MolhadoRef: A refactoring-aware version control system

This past Thursday, I went to one of the CU Comp Sci Colloquia. The speaker was Danny Dig, and he discussed Refactoring-Aware Software Merging and Version Control for Object-Oriented Programs, in particular, MolhadoRef. Mr Dig billed this several times as the first refactoring aware source control system ‘that we are aware of’.

Being relatively new to IDEs in general and Eclipse in particular, I find that the automatic refactoring is one of the largest productivity enhancements that I’ve discovered. The ability to almost effortlessly change a variable name to more accurately reflect its purpose, and to know that such a change will propagate everywhere it is used, lets you update variable names more often. I was recently editing a piece of PHP code and one of the variables had changed slightly in purpose. I could have done a search and replace, but I wouldn’t be positive that the changes hadn’t broken something subtle. With Eclipse, there’s no such hesitation.

This is almost worth the cost of having to use the mouse and not being able to use vi keystrokes (at least, without the vi plugin). But when you throw in the other refactorings, including move method and rename method, well, refactoring becomes invaluable.

What follows are my notes from the talk.

Mr Dig discussed how refactoring is becoming more prevalent in todays development environments, and how this is challenging text based version control systems such as CVS and SVN. The main issues are that refactoring causes global changes, while version control systems excel at tracking local changes.
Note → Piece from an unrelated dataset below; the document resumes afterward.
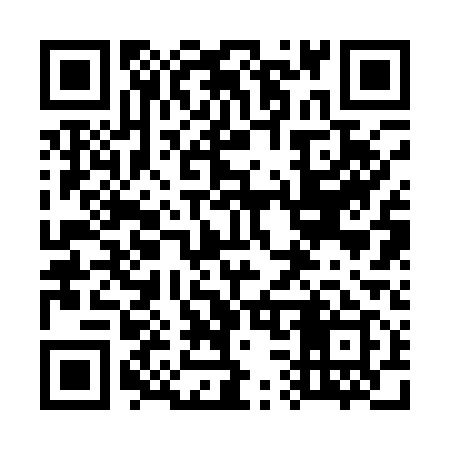 QR code for 732119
In addition, refactoring impacts program elements, while version control systems focus on files. In short, refactorings are more likely than normal edits to create conflicts and/or merge errors–due to refactoring tools, changes are regularly no longer limited to files.

In addition, when you move members between classes, you can lose version history–the only connection back to the original location is a commit comment, which is neither dependable nor robust.

MolhadoRef aims to change this, by making the version control system become refactoring aware. Currently MolhadoRef exists in ‘research project’ form as an Eclipse plugin, and is part of Mr Dig’s PhD thesis work. (By ‘research form’, I think he means not ready for prime time. For example, in his demo, when you checked changes in, there was no support for a commit message.) There are plans to release it as an open source project, but it is currently not so available. MolhadoRef is based on Molhado, which is an SCM system with support for OO software, on the backend, and Eclipse and a refactoring engine on the front end.

Basically, MolhadoRef can handle API level merging, where ‘API level’ means any member declarations. It also supports normal text edits in the same manner as CVS or SVN. It also tracks compile time as well as runtime merge conflicts.

On checkin, it follows the following algorithm:

  1. Detect API change operations, using a 3 way comparison. They are also tracked with tools such as Catchup or RefactoringCrawler
  2. Detect and resolve conflicts. It attempts to do so in an automated fashion, but sometimes requires user input.
  3. Undo refactorings. Sometimes this is not entirely possible, but if it fails, MolhadoRef is intelligent enough to fall back to a text merge.
  4. Merge text changes. This happens on a method level, not on a file level.
  5. Replay refactorings. This can be hard, because you need to serialize what may have been two parallel series of refactorings. He went into some things I didn’t understand right here, including using graph theory to reorder the refactoring, or making a refactoring into an enhanced refactoring (which not only changes code, but future refactorings in the chain).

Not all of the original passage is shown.